II. His workmen and servants. In doing such great works, he must needs employ abundance of workmen. The honour of great men is borrowed from their inferiors, who do that which they have the credit of. 1. Solomon employed those who remained of the conquered and devoted nations in all the slavish work, v. 20, 21. We may suppose that they renounced their idolatry and submitted to Solomon's government, so that he could not, in honour, utterly destroy them, and they were so poor that he could not levy money on them; therefore he served himself of their labour. Herein he observed God's law (Lev. 25:44, Thy bondmen shall be of the heathen), and fulfilled Noah's curse upon Canaan, A servant of servants shall he be unto his brethren, Gen. 9:25. 2. He employed Israelites in the more creditable services (v. 22, 23): Of them he made no bondmen, for they were God's freemen, but he made them soldiers and courtiers, and gave them offices, as he saw them qualified, among his chariots and horsemen, appointing some to support the service of the inferior labourers. Thus he preserved the dignity and liberty of Israel and honoured their relation to God as a kingdom of priests.
III. His piety and devotion (v. 25): Three times in a year he offered burnt-offerings extraordinary (namely, at the three yearly feasts, the passover, pentecost, and feast of tabernacles) in honour of the divine institution, besides what he offered at other times, both statedly and upon special occasions. With his sacrifices he burnt incense, not himself (that was king Uzziah's crime), but the priest for him, at his charge, and for his particular use. It is said, He offered on the altar which he himself built. He took care to build it, and then, 1. He himself made use of it. Many will assist the devotions of others that neglect their own. Solomon did not think his building an altar would excuse him from sacrificing, but rather engage him the more to it. 2. He himself had the benefit and comfort of it. Whatever pains we take, for the support of religion, to the glory of God and the edification of others, we ourselves are likely to have the advantage of it.
IV. His merchandise. He built a fleet of trading ships at Ezion-geber (v. 26), a port on the coast of the Red Sea, the furthest stage of the Israelites when they wandered in the wilderness, Num. 33:35. Probably that wilderness now began to be peopled by the Edomites, which it was not then. To them this port had belonged, but, David having subdued the Edomites, it now pertained to the crown of Judah. The fleet traded to Ophir in the East Indies, supposed to be that which is now called Ceylon. Gold was the commodity traded for, substantial wealth.

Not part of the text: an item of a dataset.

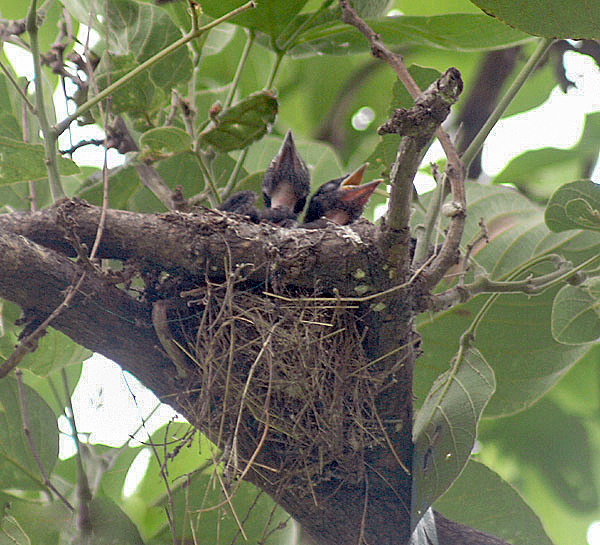 File:Black Drongo chicks I IMG 4413.jpg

It should seem, Solomon had before been Hiram's partner, or put a venture into his ships, which made him a rich return of 120 talents (v. 14), which encouraged him to build a fleet of his own. The success of others in any employment should quicken our industry; for in all labour there is profit. Solomon sent his own servants as factors, and merchants, and super-cargoes, but hired Tyrians for sailors, for they had knowledge of the sea, v. 27. Thus one nation needs another, Providence so ordering it that there may be mutual commerce and assistance; for not only as Christians, but as men, we are members one of another. The fleet brought home to Solomon 420 talents of gold, v. 28. Canaan, the holy land, the glory of all lands, had no gold in it, which teaches us that that part of the wealth of this world which is for hoarding and trading is not the best part of it, but that which is more immediately for the present support and comfort of life, our own and others'; such were the productions of Canaan. Solomon got much by his merchandise, but, it should seem, David got much more by his conquests. What were Solomon's 420 talents to David's 100,000 talents of gold? 1 Chr. 22:14; 29:4. Solomon got much by his merchandise, and yet has directed us to a better trade, within reach of the poorest, having assured us from his own experience of both that the merchandise of wisdom is better than the merchandise of silver and the gain thereof than fine gold, Prov. 3:14.